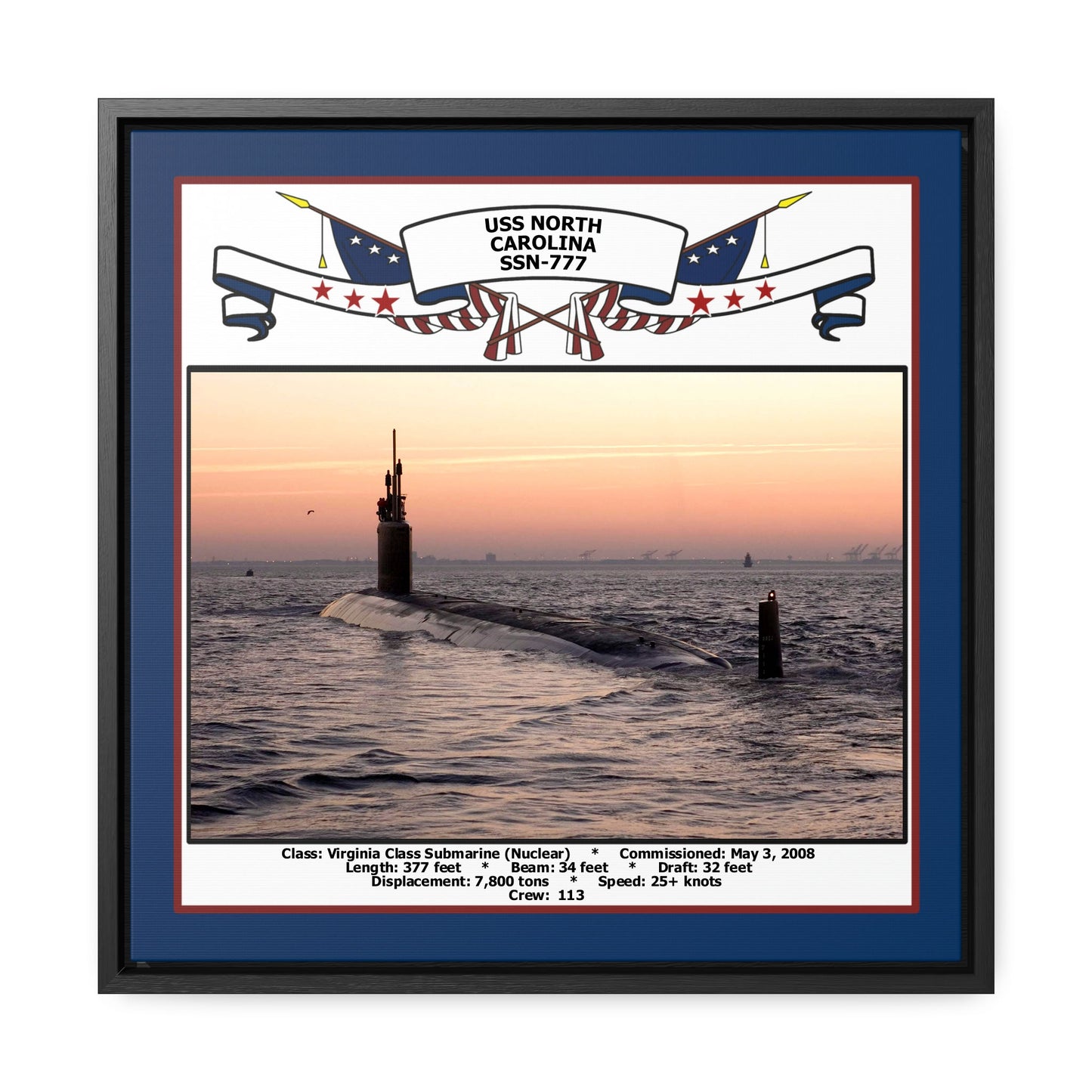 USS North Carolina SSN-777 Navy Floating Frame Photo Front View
#####
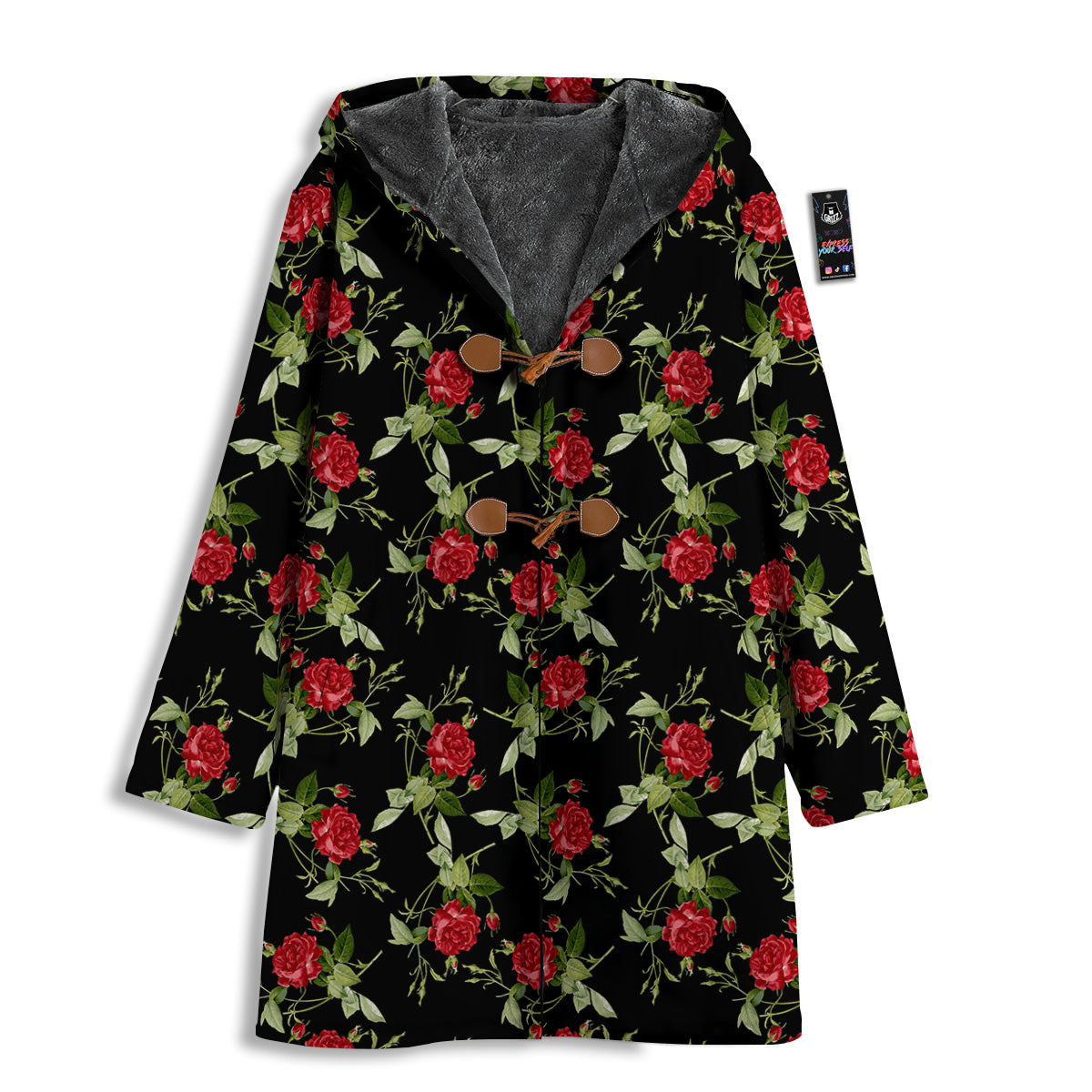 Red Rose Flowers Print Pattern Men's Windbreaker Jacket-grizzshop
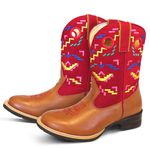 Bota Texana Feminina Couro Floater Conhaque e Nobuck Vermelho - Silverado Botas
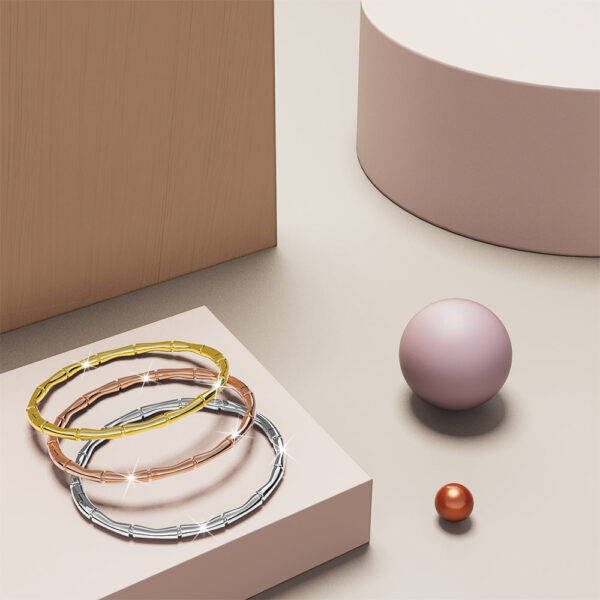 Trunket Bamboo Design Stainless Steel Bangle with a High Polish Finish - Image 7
#####
> [Problem requirements] From the records above, transcribe only the stretch from the line with "Bota Texana Feminina" through the line with "Trunket Bamboo Design", keeping both ends. Omit pictures.

> [Output]
 Bota Texana Feminina Couro Floater Conhaque e Nobuck Vermelho - Silverado Botas
 Trunket Bamboo Design Stainless Steel Bangle with a High Polish Finish - Image 7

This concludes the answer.